Reference Architecture

The previous parts of this book described the Agentic OS conceptually — its philosophy, its layers, its patterns, its approach to problem-solving. This part shifts to construction. How do you actually build one?

This chapter presents a reference architecture: a concrete, implementable blueprint for an Agentic OS. It is not the only possible architecture, but it is a coherent one that embodies the principles we have established.

Overview

The reference architecture has five major subsystems, mirroring the layers described in Part II:

block-beta
  columns 1
  OI["Operator Interface\nCLI, API, Chat, IDE Plugin"]
  GP["Governance Plane\nPolicies, Audit, Approval Gates, Budgets"]
  columns 3
  CK["Cognitive Kernel\nRouter, Planner, Scheduler"]
  PF["Process Fabric\nWorkers, Queues, Supervisors, Sandboxes"]
  MeP["Memory Plane\nWorking, Episodic, Semantic, Long-term Store"]
  columns 1
  TS["Tool & Skill Layer\nFile I/O, APIs, Databases, Search, Code Execution"]
  MP["Model Provider Layer\nLLM APIs, Embedding Models, Classifiers"]

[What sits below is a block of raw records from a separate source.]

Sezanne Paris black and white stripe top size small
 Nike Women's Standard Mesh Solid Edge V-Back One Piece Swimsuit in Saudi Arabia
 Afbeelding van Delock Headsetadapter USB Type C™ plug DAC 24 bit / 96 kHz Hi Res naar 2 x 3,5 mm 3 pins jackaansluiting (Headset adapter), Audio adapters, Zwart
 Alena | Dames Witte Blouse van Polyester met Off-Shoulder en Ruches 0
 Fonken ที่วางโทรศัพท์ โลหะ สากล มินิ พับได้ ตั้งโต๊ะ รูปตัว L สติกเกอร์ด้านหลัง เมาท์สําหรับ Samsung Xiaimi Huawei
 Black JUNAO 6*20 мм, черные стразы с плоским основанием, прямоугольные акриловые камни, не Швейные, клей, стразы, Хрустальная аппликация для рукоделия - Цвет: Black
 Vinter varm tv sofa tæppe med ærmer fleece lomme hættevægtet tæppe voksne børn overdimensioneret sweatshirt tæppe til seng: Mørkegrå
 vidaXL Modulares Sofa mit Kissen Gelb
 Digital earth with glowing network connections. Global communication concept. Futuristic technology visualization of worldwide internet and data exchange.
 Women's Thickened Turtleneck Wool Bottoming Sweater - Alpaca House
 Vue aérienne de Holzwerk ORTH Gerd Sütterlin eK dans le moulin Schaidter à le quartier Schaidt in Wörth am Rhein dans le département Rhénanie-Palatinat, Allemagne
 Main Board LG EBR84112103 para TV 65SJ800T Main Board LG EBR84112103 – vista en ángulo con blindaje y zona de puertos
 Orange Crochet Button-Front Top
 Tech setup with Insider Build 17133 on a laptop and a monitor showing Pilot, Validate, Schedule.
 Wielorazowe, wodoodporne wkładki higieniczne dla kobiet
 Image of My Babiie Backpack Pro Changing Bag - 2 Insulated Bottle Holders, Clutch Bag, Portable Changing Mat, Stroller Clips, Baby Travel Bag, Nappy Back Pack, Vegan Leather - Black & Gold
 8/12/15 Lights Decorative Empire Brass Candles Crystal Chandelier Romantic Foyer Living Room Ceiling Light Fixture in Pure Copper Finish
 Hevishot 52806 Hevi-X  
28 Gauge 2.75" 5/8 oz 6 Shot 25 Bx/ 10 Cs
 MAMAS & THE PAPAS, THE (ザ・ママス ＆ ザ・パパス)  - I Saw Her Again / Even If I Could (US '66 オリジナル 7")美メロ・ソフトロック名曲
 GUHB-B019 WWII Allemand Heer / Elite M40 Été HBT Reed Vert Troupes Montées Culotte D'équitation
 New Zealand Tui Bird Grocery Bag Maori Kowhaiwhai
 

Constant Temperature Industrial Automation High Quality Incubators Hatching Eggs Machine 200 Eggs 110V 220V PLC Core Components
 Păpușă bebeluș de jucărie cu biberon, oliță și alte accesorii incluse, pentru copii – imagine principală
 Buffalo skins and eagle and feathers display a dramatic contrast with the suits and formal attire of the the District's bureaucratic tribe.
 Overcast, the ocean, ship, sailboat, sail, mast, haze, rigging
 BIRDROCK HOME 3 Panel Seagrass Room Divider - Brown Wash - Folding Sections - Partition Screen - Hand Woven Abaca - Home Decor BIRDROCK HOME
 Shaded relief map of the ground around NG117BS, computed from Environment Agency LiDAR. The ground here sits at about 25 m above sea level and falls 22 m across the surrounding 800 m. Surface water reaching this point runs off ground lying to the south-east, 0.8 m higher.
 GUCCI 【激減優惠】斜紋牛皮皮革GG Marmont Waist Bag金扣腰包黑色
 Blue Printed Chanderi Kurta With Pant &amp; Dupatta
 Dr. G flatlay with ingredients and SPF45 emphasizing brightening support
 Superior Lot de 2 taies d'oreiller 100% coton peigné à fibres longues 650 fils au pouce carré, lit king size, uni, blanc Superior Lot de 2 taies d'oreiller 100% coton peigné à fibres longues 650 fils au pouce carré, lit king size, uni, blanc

  style OI fill:#1a5740,stroke:#3aaf7a,color:#e0f5ec
  style GP fill:#2b1f4e,stroke:#a78bfa,color:#e0f5ec
  style CK fill:#134a36,stroke:#3aaf7a,color:#e0f5ec
  style PF fill:#134a36,stroke:#3aaf7a,color:#e0f5ec
  style MeP fill:#0f3a2c,stroke:#2dd4bf,color:#e0f5ec
  style TS fill:#0f3a2c,stroke:#2dd4bf,color:#e0f5ec
  style MP fill:#0a2a1e,stroke:#3aaf7a,color:#7abfa8

Each subsystem is independent and communicates through well-defined interfaces. You can replace the model provider without touching the kernel. You can swap the memory store without affecting the process fabric. This is not accidental — it is the core design principle.

The Cognitive Kernel

The kernel is the entry point and coordinator. It receives requests from the operator interface and orchestrates everything else.

Components

Intent Router: Classifies incoming requests by complexity, domain, and risk. Routes simple requests directly to execution, complex requests to the planner.
Planner: Produces a task graph — a directed acyclic graph of subtasks with dependencies, resource requirements, and success criteria.
Scheduler: Prioritizes and sequences tasks from the plan, considering resource availability, policy constraints, and dependencies.
Result Consolidator: Collects outputs from completed tasks, resolves conflicts, and synthesizes the final result.

Implementation Notes

The kernel is stateless between requests. All state lives in the memory plane. This means the kernel can be restarted, scaled, or replaced without losing work in progress — the task graph and its state are persisted.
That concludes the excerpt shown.